* _Instructions for the task_: Repeat the data below exactly, dropping any pictures it holds.

* _Stored data_:
_ _ _ _ _ _ _
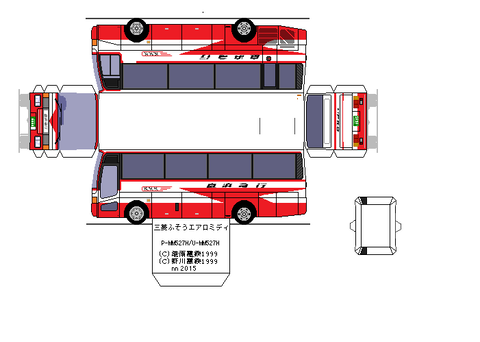 p-aeromidi-mm-k-H3-keikyuu1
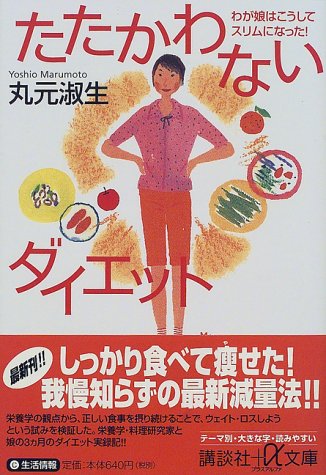 ��������ʤ��������åȡ��郎̼�Ϥ������ƥ����ˤʤä�!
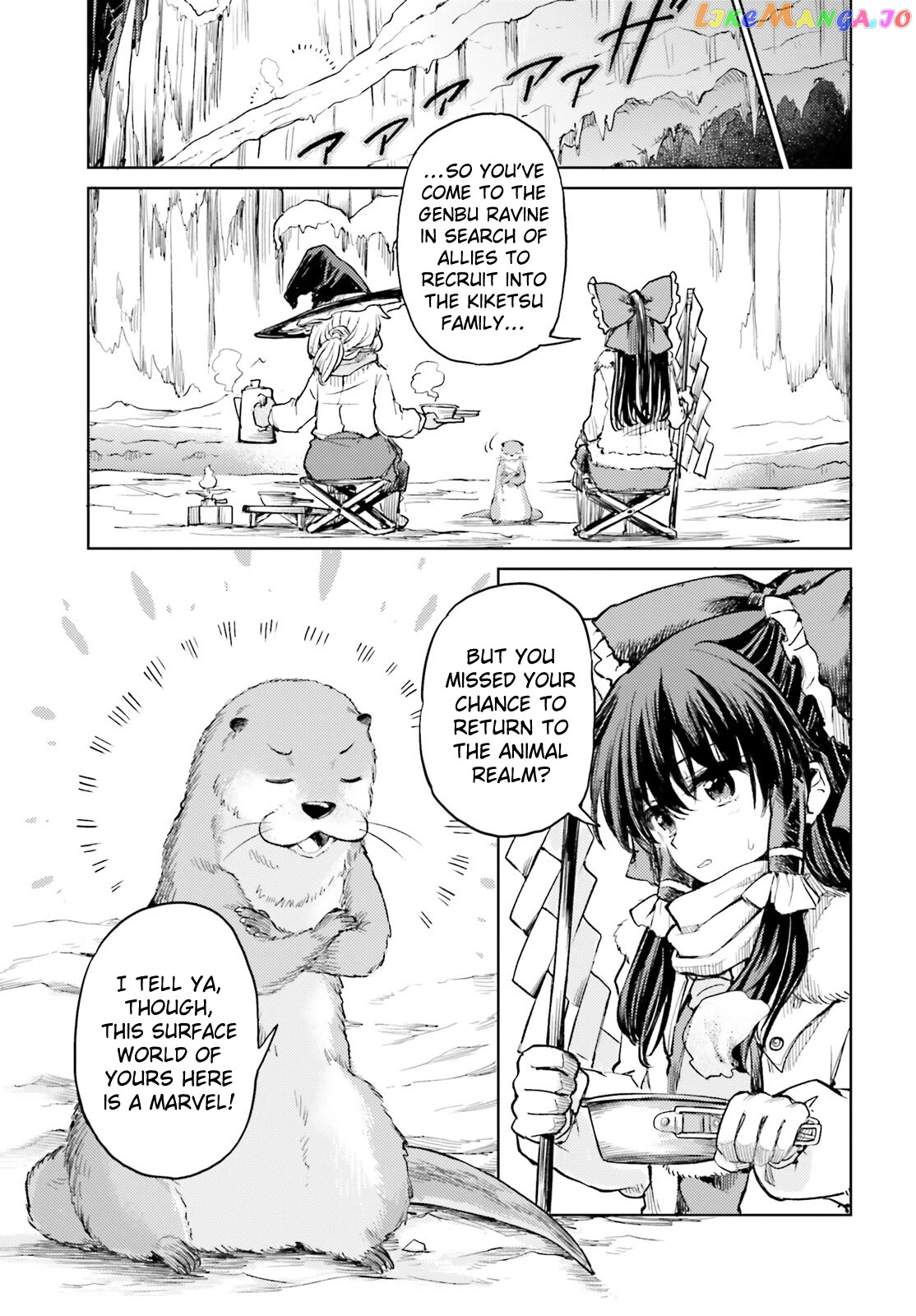 Touhou Suichouka ~ Lotus Eater-Tachi No Suisei Chapter 48 - page 21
_ _ _ _ _ _ _
* _Finished exercise_:
 p-aeromidi-mm-k-H3-keikyuu1
 ��������ʤ��������åȡ��郎̼�Ϥ������ƥ����ˤʤä�!
 Touhou Suichouka ~ Lotus Eater-Tachi No Suisei Chapter 48 - page 21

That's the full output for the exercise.